Dataset entries Start Marker
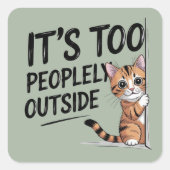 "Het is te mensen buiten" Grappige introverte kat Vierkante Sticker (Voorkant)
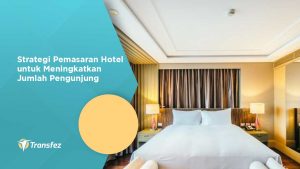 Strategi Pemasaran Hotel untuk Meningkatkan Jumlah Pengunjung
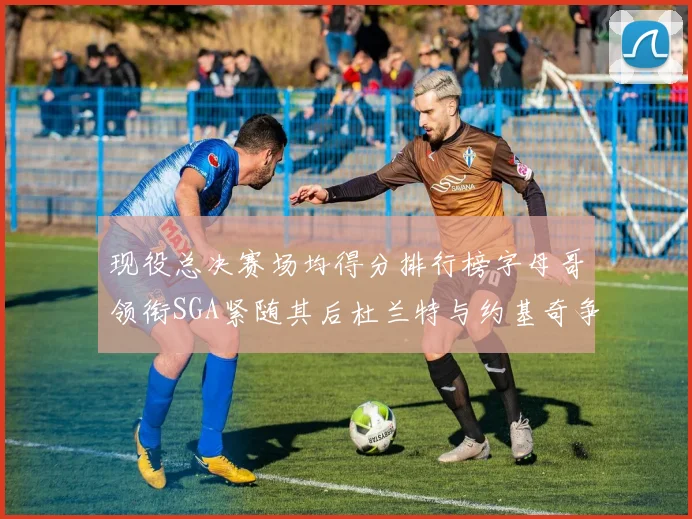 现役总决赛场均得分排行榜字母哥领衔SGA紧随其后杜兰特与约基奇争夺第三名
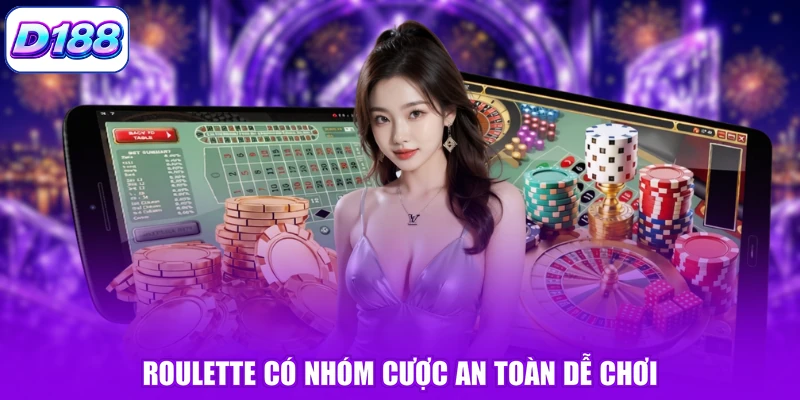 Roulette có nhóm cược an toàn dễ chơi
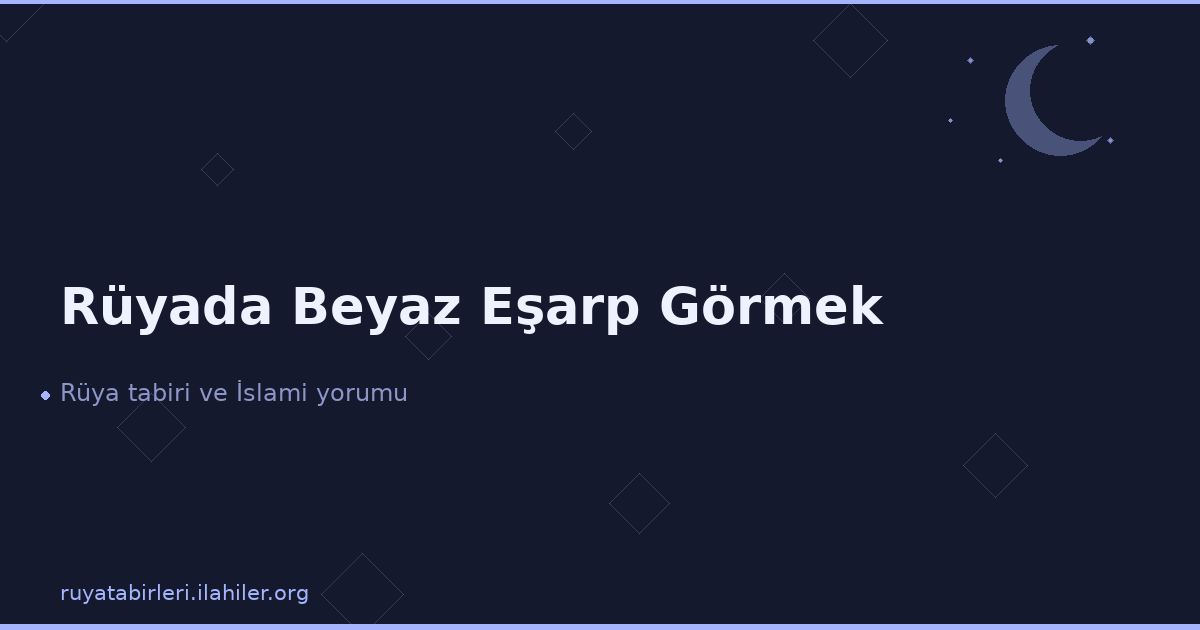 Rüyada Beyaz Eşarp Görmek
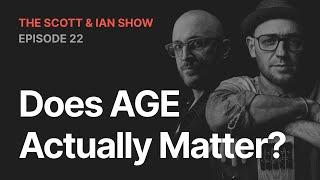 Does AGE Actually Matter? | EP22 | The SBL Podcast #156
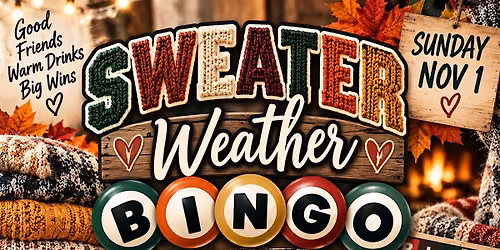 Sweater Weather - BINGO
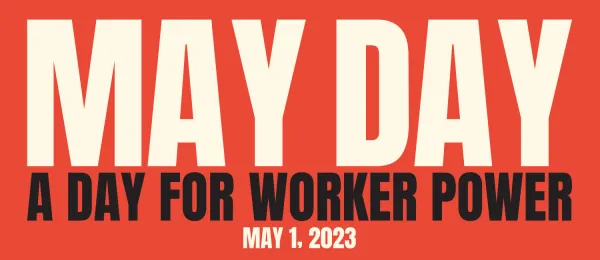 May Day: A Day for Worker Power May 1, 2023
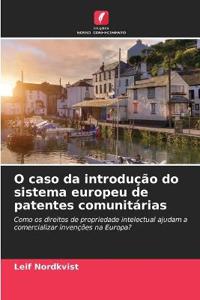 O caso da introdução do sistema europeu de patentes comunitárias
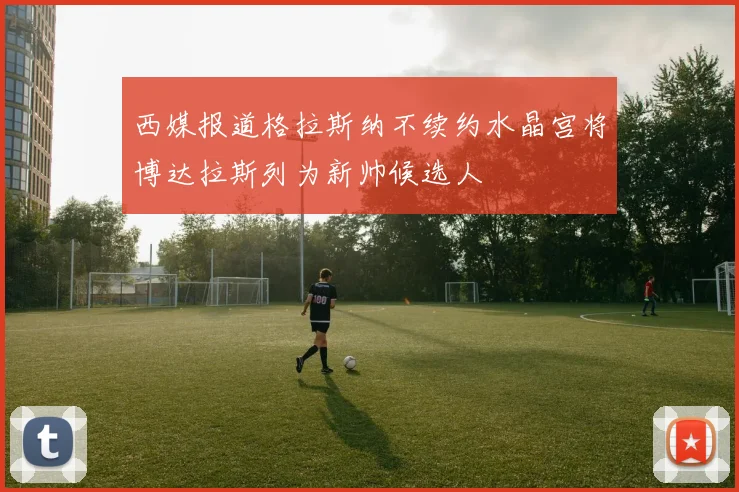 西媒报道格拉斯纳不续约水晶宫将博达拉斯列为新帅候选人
Dataset entries End Marker
Dataset entries Start Marker
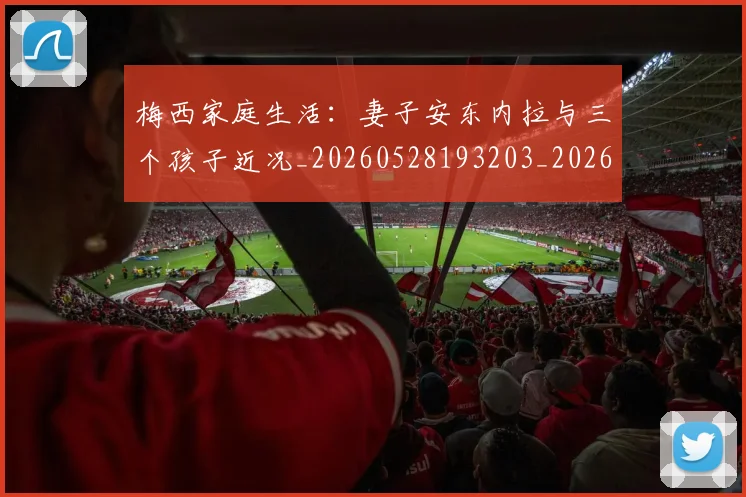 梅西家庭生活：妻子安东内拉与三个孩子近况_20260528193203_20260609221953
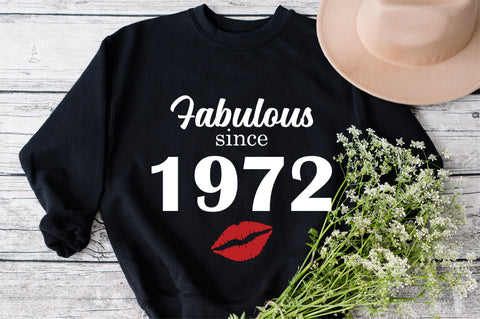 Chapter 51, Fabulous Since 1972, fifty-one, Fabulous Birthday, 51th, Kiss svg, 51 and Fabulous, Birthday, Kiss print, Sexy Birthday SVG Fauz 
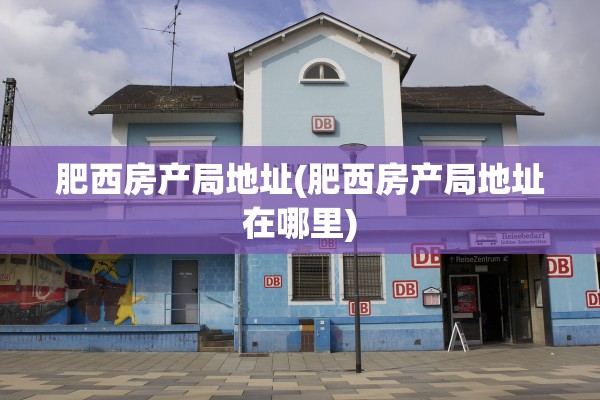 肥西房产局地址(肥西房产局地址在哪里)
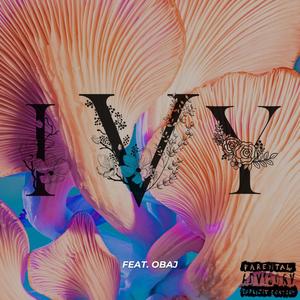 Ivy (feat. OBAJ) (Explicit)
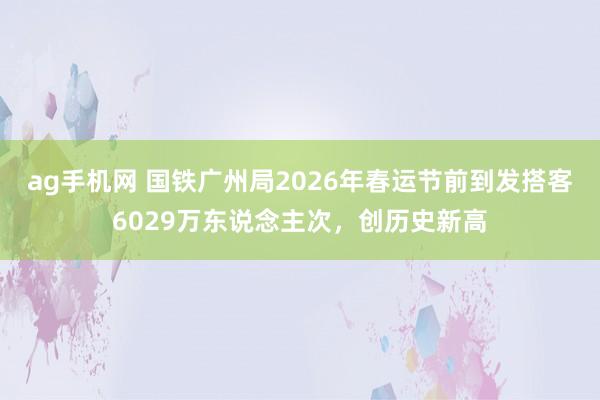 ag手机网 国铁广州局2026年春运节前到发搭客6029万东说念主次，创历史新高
Dataset entries End Marker
Dataset entries Start Marker
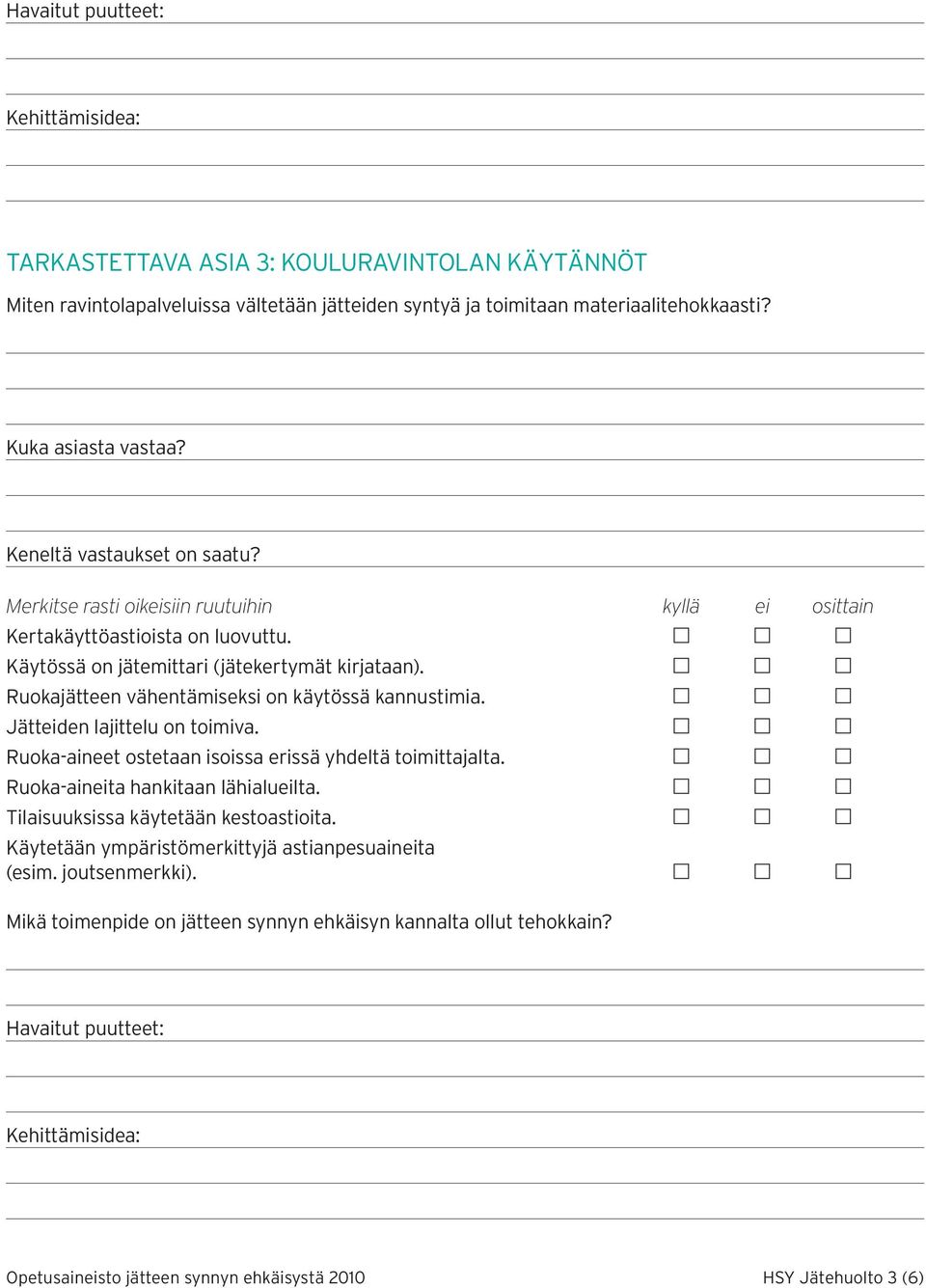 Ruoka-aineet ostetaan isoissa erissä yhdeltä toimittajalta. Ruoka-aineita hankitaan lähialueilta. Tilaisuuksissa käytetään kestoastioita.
Dataset entries End Marker
In the material above, the stretch from the line with "Vierkante Sticker (Voorkant)" through the line with "Does AGE Actually" is to be given again exactly, minus the pictures.

§ Solution:
 "Het is te mensen buiten" Grappige introverte kat Vierkante Sticker (Voorkant)
 Strategi Pemasaran Hotel untuk Meningkatkan Jumlah Pengunjung
 现役总决赛场均得分排行榜字母哥领衔SGA紧随其后杜兰特与约基奇争夺第三名
 Roulette có nhóm cược an toàn dễ chơi
 Rüyada Beyaz Eşarp Görmek
 Does AGE Actually Matter? | EP22 | The SBL Podcast #156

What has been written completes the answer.